WORK REQUIRED ▸ Only one stretch of the data is wanted: the line containing "The town of", the line containing "Picioarele unui băiețel", and every line between them, copied exactly.

RECORDS FOR THIS TASK ▸
---+---
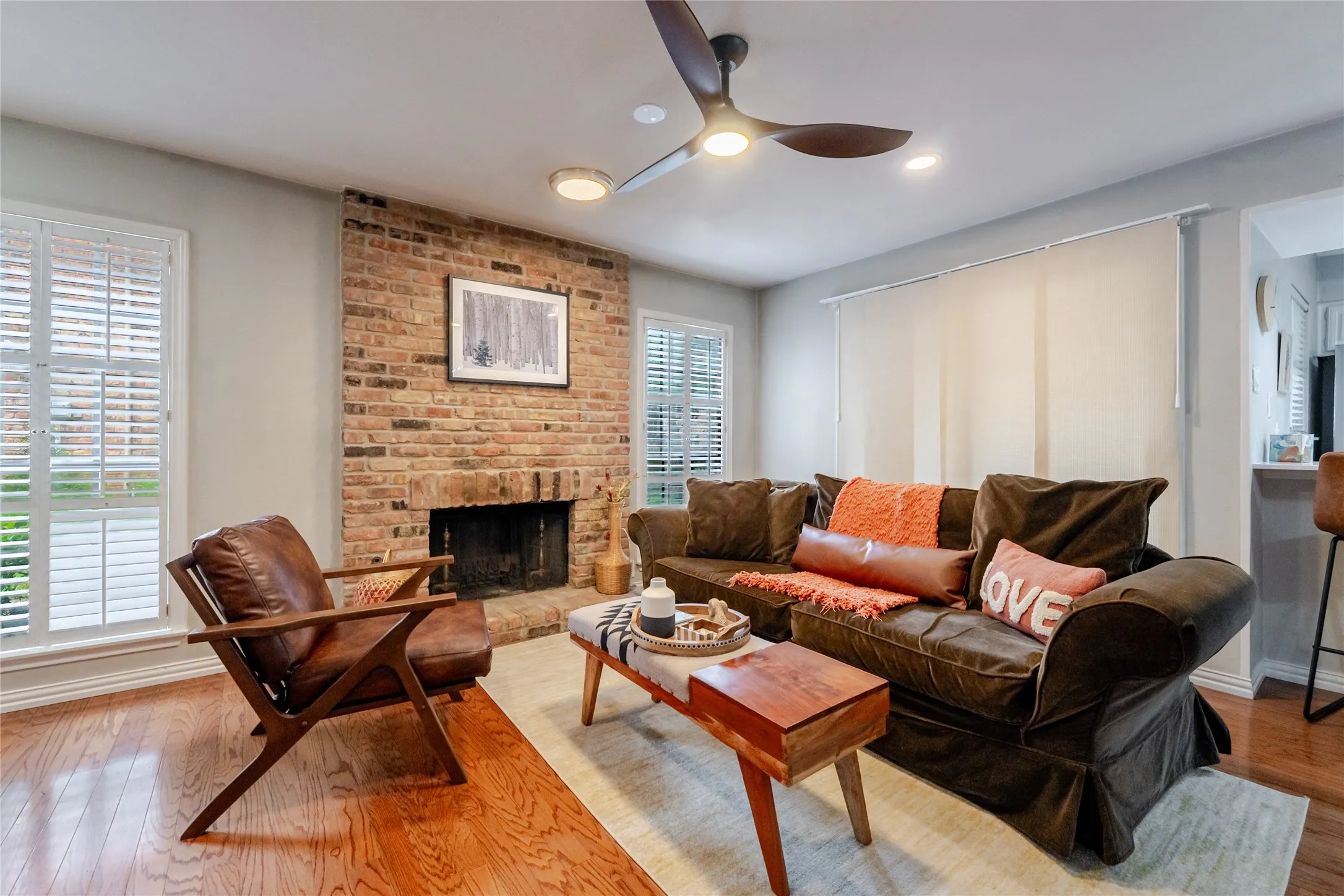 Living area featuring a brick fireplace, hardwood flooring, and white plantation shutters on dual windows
---+---
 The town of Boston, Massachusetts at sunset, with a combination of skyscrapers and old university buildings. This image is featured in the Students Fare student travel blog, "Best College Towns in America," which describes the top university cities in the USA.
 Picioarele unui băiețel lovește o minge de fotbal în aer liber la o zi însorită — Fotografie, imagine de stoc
---+---
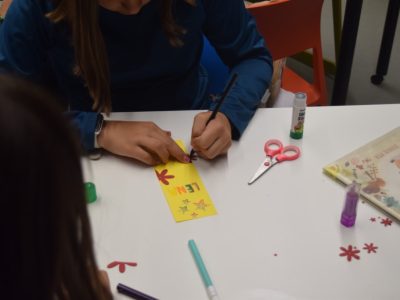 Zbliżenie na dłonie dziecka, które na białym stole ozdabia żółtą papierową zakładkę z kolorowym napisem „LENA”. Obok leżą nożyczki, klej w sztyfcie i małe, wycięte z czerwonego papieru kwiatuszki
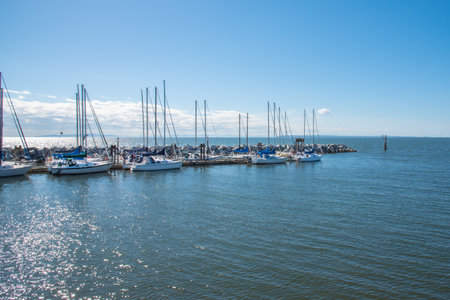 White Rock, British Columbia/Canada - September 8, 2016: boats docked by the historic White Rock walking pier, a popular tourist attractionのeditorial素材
---+---
TASK SOLUTION ▸
 The town of Boston, Massachusetts at sunset, with a combination of skyscrapers and old university buildings. This image is featured in the Students Fare student travel blog, "Best College Towns in America," which describes the top university cities in the USA.
 Picioarele unui băiețel lovește o minge de fotbal în aer liber la o zi însorită — Fotografie, imagine de stoc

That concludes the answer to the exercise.